The Unique People and Cultural Traditions of the Cook Islands

My brother was on his way home from a two year round-the-world journey and dropped in on our father at our childhood home in the Cook Islands. “That’s where I want to live the rest of my life,” he said. “All that searching and it was there all along, under my nose.” It’s the people, he says. Cook Islanders are what make these islands so unique, they’re chubby, jovial souls always with a guitar handy and a laugh that’ll scare you at first with its sonic boom.

While some Cook Islanders can look as big and imposing as a rugby scrum, they’re as soft and cuddly as teddy bears. Growing up here, my first memories are of being squeezed half to death by big island women who fussed over us fair little foreigners, any time now I smell that all too familiar smell of coconut oil and the frangipani every Cook Island woman wears in her hair, I have such a strong sense of déjà vu it’s all I can do to stop hugging every one of them.

Portrait of woman cook islands

The Cook Islands are like the recipe to romantic utopia: 15 sun-drenched islands spread over two million square kilometres of perfect blue sea, occupied by under 20 000 locals, with some of the world’s largest lagoons. There’s practically a beach to every person in the group, on Atiu, one of the Cook Islands’ hidden gems, you’re told sternly that if you find a beach with someone on it to go to the next one because no-one likes a crowd.

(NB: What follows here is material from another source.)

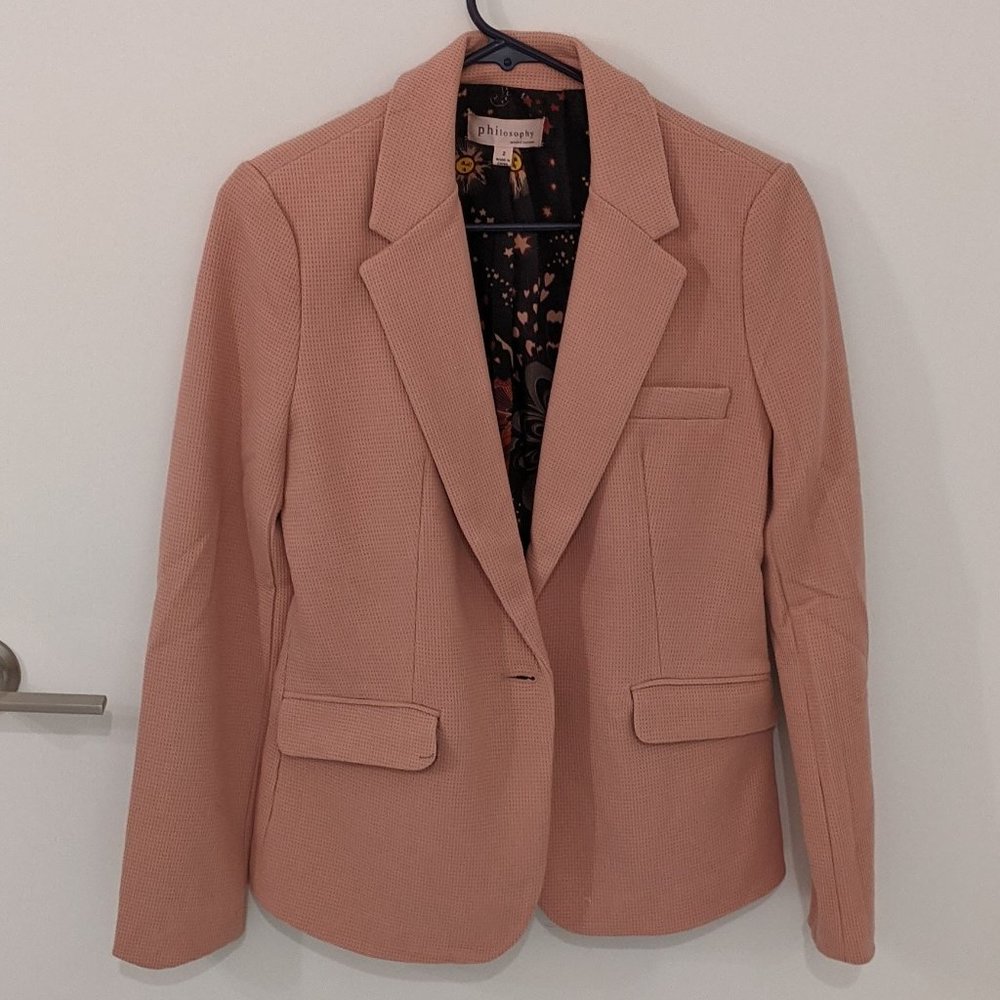 Blush Blazer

Related Article: Your Comprehensive Travel Guide to The Cook Islands

To me, the Cook Islands represent more than just a romantic getaway. Rent a motor-bike and drive around Rarotonga’s one main road, you’ll circumnavigate the island in half an hour but you’ll always find something new. There’s a pig that hasn’t tried to run under your wheel yet, or a rooster, there’s a coconut tree to climb, a perfect white sandy beach with no-one on it, a lagoon with sail-boats, a pretty local woman riding a horse along the sand. There’s a mountainous interior you can climb yourself, or take a walking tour with local character Pa.

Cook Islands
Photo: Robert Muir

These days Rarotonga is a fairly sophisticated couples retreat, but it still beats with the same heart of my time here almost 30 years ago. For every perfect $50 steak, there’s the iki mate (the local delicacy of raw fish with coconut and lime) for $5 at a local bar, for every European stretched out on a cabana chair at Muri Lagoon, there’s a Cook Islander asleep in the sun at the markets, oblivious to your efforts to buy from them. 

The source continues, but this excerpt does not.